# Provided material:
◇ ◇ ◇ ◇
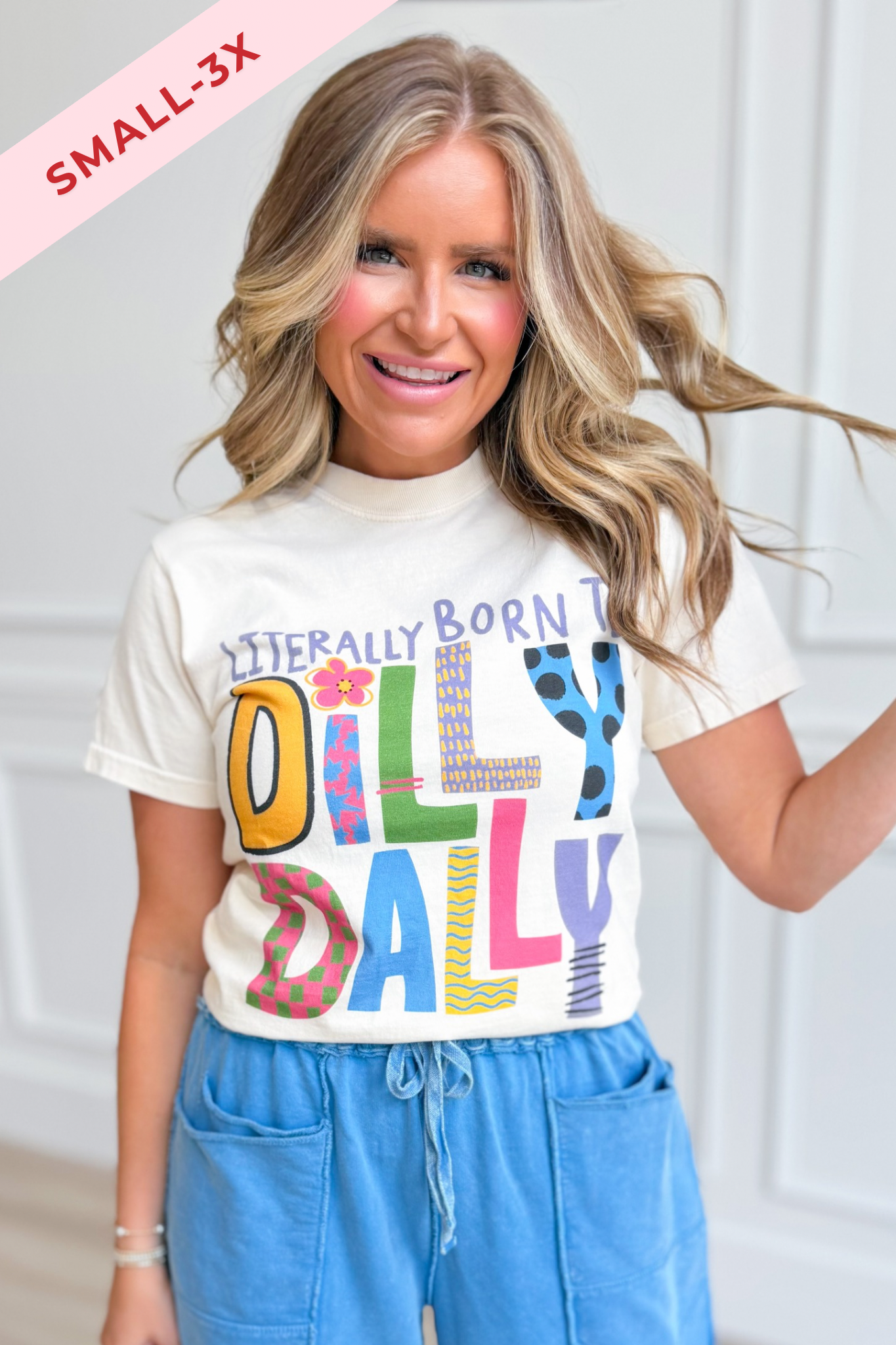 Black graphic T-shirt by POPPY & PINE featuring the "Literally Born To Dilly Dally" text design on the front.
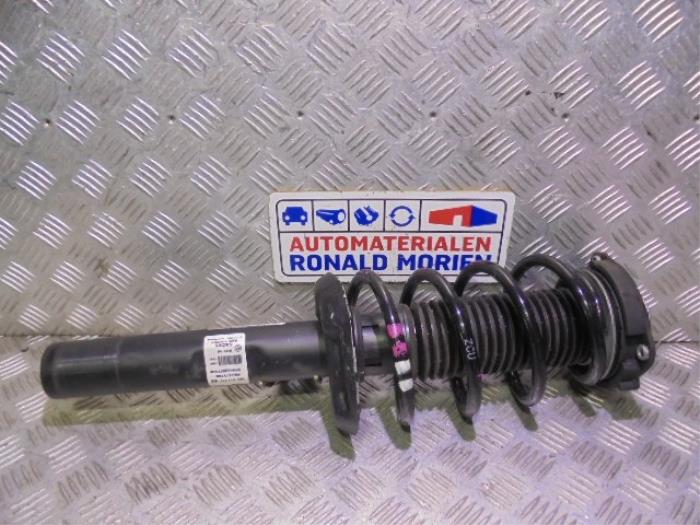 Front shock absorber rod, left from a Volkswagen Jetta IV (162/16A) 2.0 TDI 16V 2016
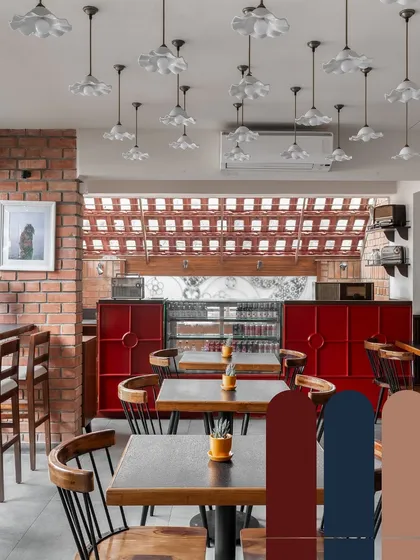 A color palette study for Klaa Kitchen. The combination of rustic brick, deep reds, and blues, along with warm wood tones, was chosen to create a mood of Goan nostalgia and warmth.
◇ ◇ ◇ ◇
# Action item:
Your task is to repeat exactly the lines from the beginning of the data to the line that contains "Front shock absorber", both ends included, leaving out pictures.

# Task response:
 Black graphic T-shirt by POPPY & PINE featuring the "Literally Born To Dilly Dally" text design on the front.
 Front shock absorber rod, left from a Volkswagen Jetta IV (162/16A) 2.0 TDI 16V 2016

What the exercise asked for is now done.